Nigeria set to seek $150m Islamic Devt Bank loan for TCN


Lamido Sanusi, CBN Governor

03 September 2013, Abuja – The federal government’s funding source for expansion and upgrade of Nigeria’s weak electricity transmission network has continued to enlarge with its plan to take in a $150 million loan from the Islamic Development Bank, IDB.

The $150 million loan package is lined up as part of possible funding sources for the activities of the Transmission Company of Nigeria, TCN, in its 2015 capital projects mix.

A blueprint of TCN’s planned expansion, which was recently presented by its Chief Executive Officer, Mr.

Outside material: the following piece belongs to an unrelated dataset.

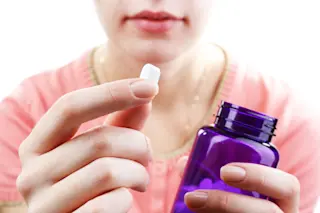 Woman taking magnesium supplement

Don Priestman, at the inauguration of the supervisory board of the company in Abuja showed apart from the IDB, the government had other multilateral sources lined up for the funding of PHCN.

A summary of its planned funding for TCN from 2013 to 2017 indicates that about $6.831 billion could be obtained by the government in long-term tranches to upgrade and expand electricity transmission network in the country, stating from a $150 million loan from the African Development Bank, AfDB.

Other sources as was disclosed in the blueprint include, World Bank (NEGIP)-$290 million, Eurobond-$135 million, FGN appropriation 2013-2017-$625 million, Agence AfDB-$170 million, MYTO Capex-$11 million, Niger Delta Power Holding Company of Nigeria, NDPHC, Ltd-$1.6 billion, Chinese XD loan-$500 million, World Bank China Loan-$700 million, and others which were captioned as Chinese pivot loan-$2.5 billion.

Priestman had earlier at a forum organised by the Market Operations department of TCN to commence formal registration of participants in Nigeria’s Electricity Supply Industry (NESI) stated that the TCN will require a huge amount of revenue and capital to stabilise the country’s weak transmission grid.

He however noted there was a general consensus amongst key stakeholders in the sector on the need to quickly strengthen the transmission network in anticipation of possible improvements in power generation from various generation companies and independent power producers, IPPs, in the country.

The IPPs had through the platform of Independent Power Producers Association of Nigeria, IPPAN, raised concerns about the capacity of the transmission network to conveniently convey generated power into the national grid. They equally spoke of their concerns on the capitalisation status of the Nigeria Bulk Electricity Trading Company (NBET), otherwise called the Bulk Trader which they said does not appear financially strong enough to take care of possible financial obligations in the sector.